This is part of a weekly series that highlights a grant the Foundation is involved with.
Everyone knows that when they’re faced with an emergency, like a fire, they can call 911, and help will be at their door in minutes.
But who do you call when you need help with an important problem, like getting your power turned back on?
“They’re both big deals,” said Centre County Community Foundation Executive Director Alfred Jones, Jr. “Crisis is in the eye of the beholder.”
A $225,000 grant that the Community Foundation received from the John S. and James L. Knight Foundation will enable residents of Centre County and 15 others counties in Central Pennsylvania to dial 211, 24 hours a day, 7 days a week, 365 days a year, for important information and referrals, from educational resources for children, to help finding an Alcoholics Anonymous meeting. Currently, Pennsylvania is one of the few states in the union that doesn’t have access to this service.
As a board member for the Community Help Centre, which runs a 24-hour helpline for Centre County, and is now the lead agency on the 211 project, Jones was aware of how useful it could be to have important information just a call away.
So when the Community Foundation’s Knight Foundation liaison suggested CCCF apply for the Information Challenge Grant, which funds local news and information projects in an effort to ensure that residents are informed and engaged, Jones mentioned the possibility of a 211 program, and the liaison thought it sounded like just the kind of innovative project the Knight Foundation would love to fund.
And she was right.

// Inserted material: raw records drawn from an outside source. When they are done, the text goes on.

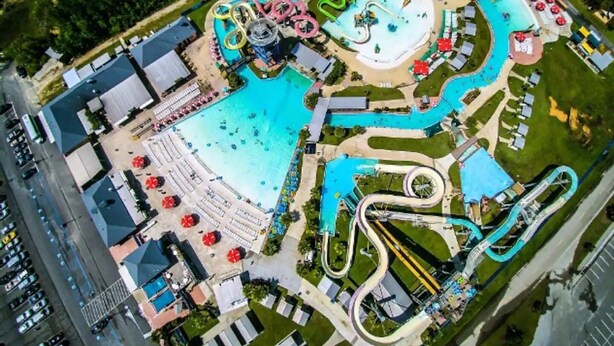 An aerial view of a water park with multiple slides and pools. - Summer Vacay! 3Bed&3Bath-Walk 2 Beach, On-Site Pool, Golf, Casinos, Gated! (Gulfport)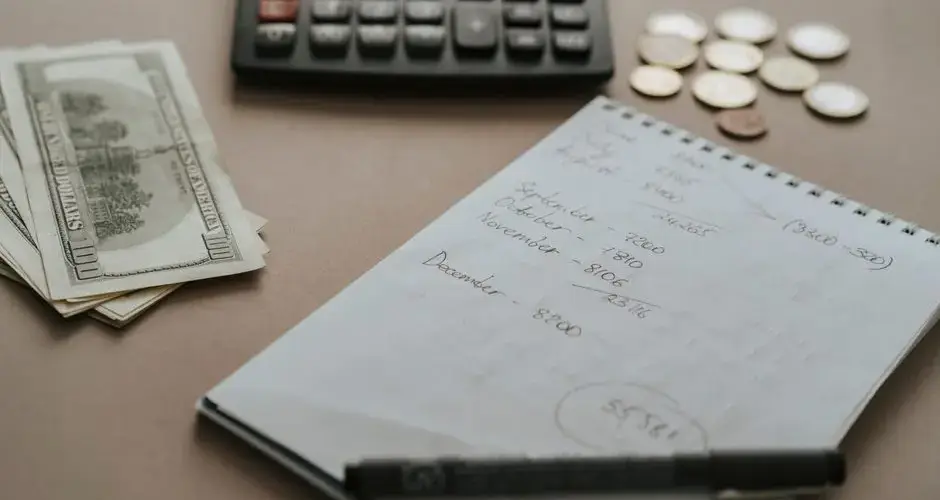 Desk setup showing calculator, cash, coins, and financial notes for budgeting.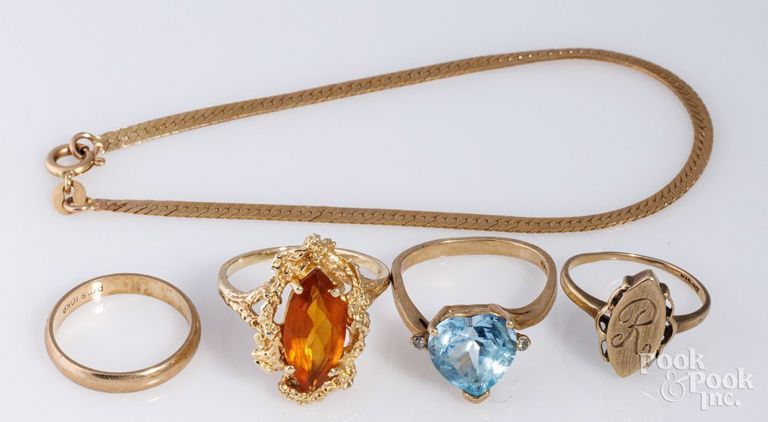 14k yellow gold ring and bracelet with three 10k gold rings
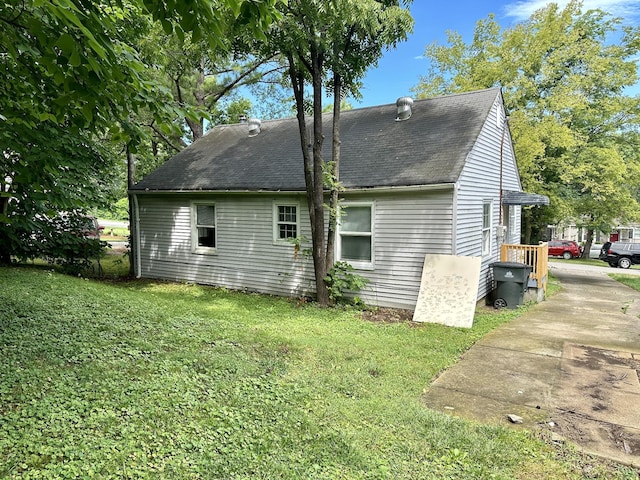 view of home's exterior with a lawn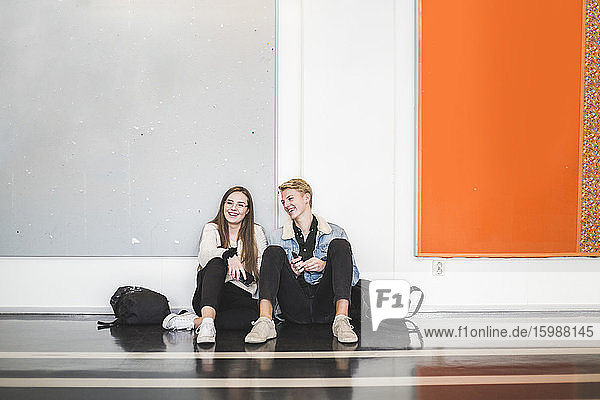 Junger Mann sitzt mit Freundin auf dem Flur der Universität
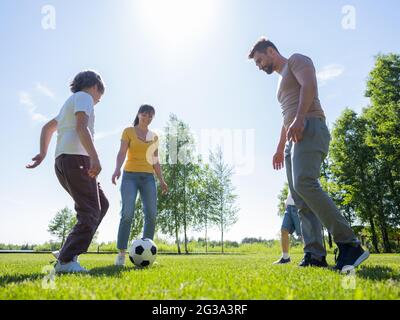 Parents and kids playing football soccer outdoors on summer meadow Stock Photo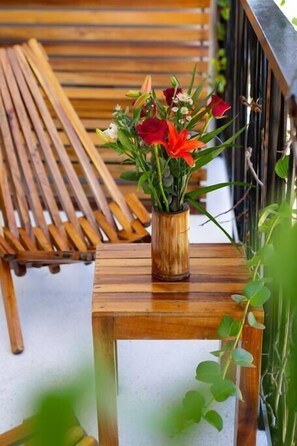 Un banc en bois et une petite table sur laquelle se trouve un vase en bois contenant des fleurs.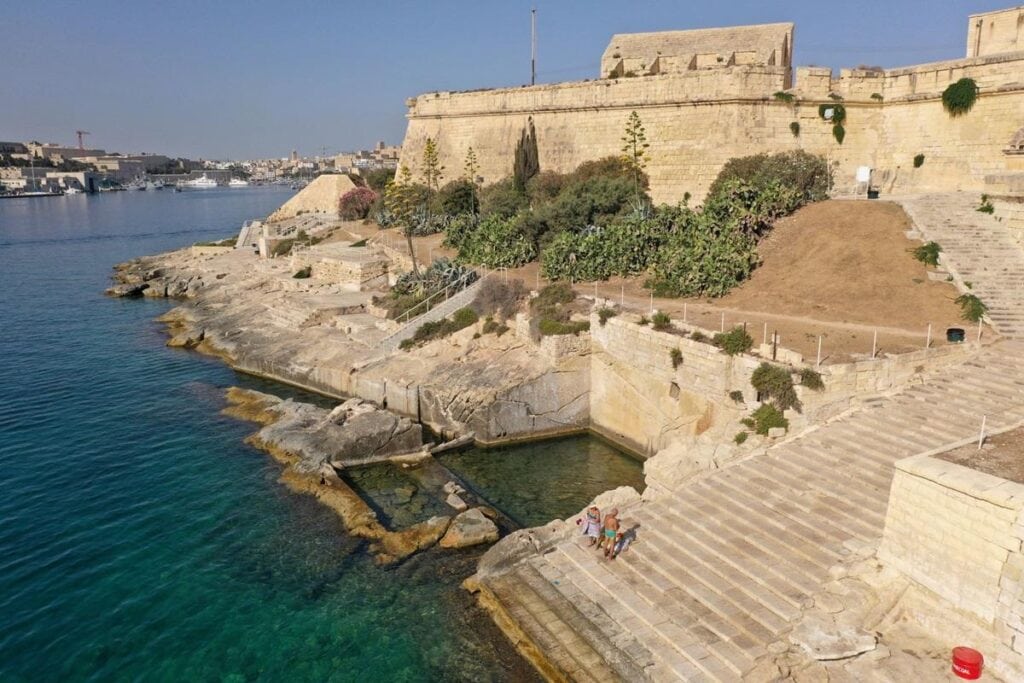 Manoel Island Foreshore with clear blue waters and rocky shoreline, a popular spot for relaxing walks and enjoying beaches near Valletta, Malta.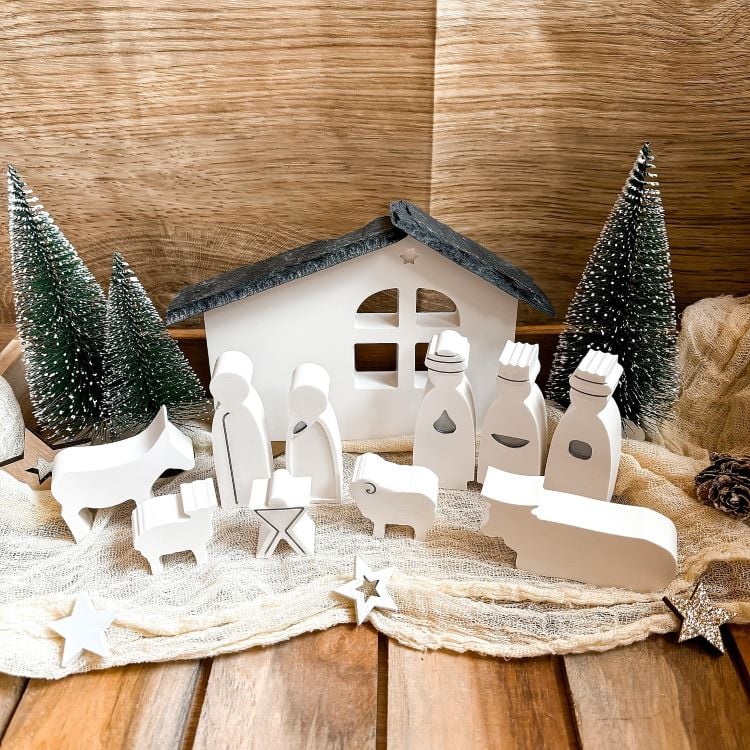 A imagem retrata um presépio minimalista com figuras brancas de madeira, incluindo a Sagrada Família, Reis Magos e animais. Ao fundo, uma cabana estilizada e pequenas árvores de Natal completam a composição. A cena está disposta sobre uma superfície de madeira, decorada com estrelas e tecido claro.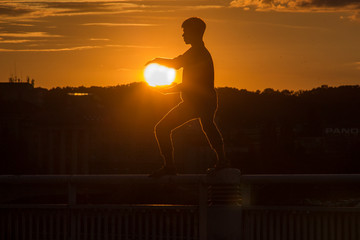 silhouette of a man at sunset
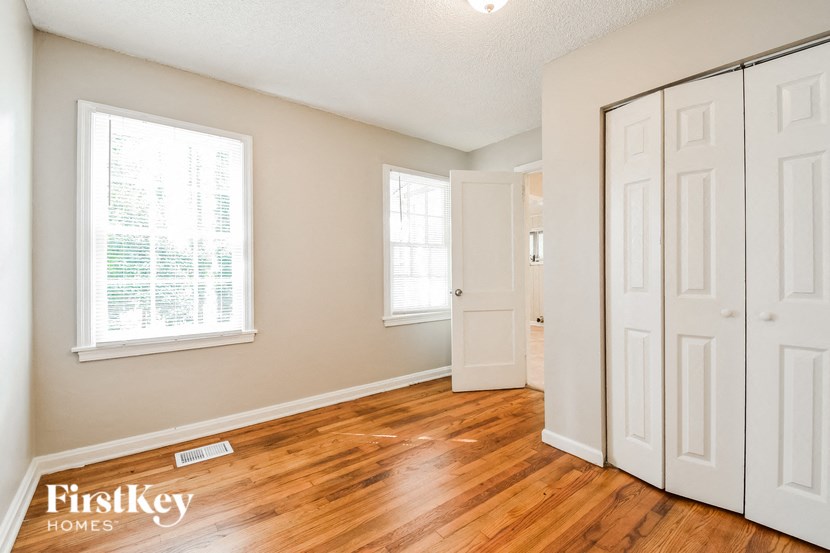 the living room of a home with wood floors and white doors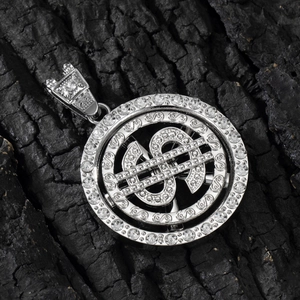Close-up of spinning silver dollar sign pendant with iced-out rhinestones on black charcoal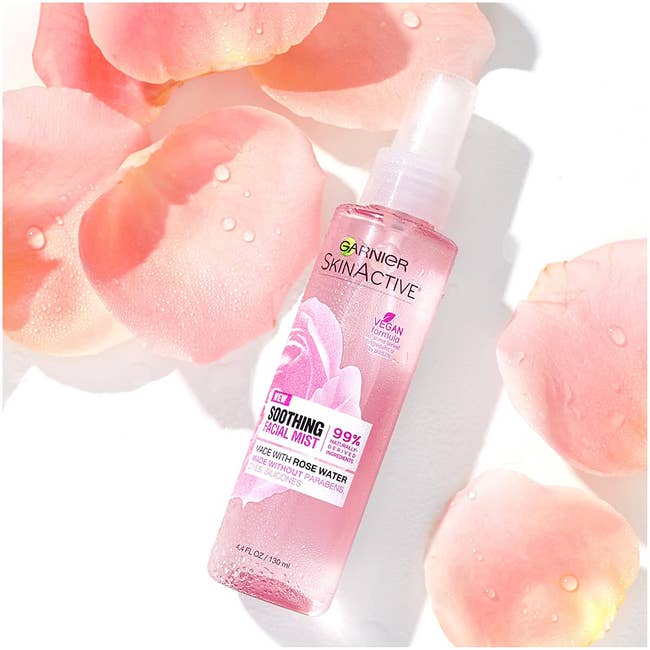 the pink bottle of the facial spray surrounded by rose petals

It was.
Since receiving the grant in 2009, the Community Foundation and other organizations have been working on the project in a variety of ways, one of which is gathering comprehensive data so that a call from someone in Bedford County will result in that person getting the information they need, even if the person answering their call is located in State College.
Another important aspect of the program is operator training.
211 operators are much more than a talking phone book. They are trained to identify the specific needs of the callers, many of whom may not know exactly what they’re looking for.
“They’ll get the right resources the first time,” Jones said. “It’s better than self-diagnosing your needs and picking a number out of the phone book.”
CCCF has also been working on raising matching funds for the grant with the help of others, such as community foundations, local governments and private donors, and has raised almost $100,000.
Jones expects 211 to be up and running before the new year.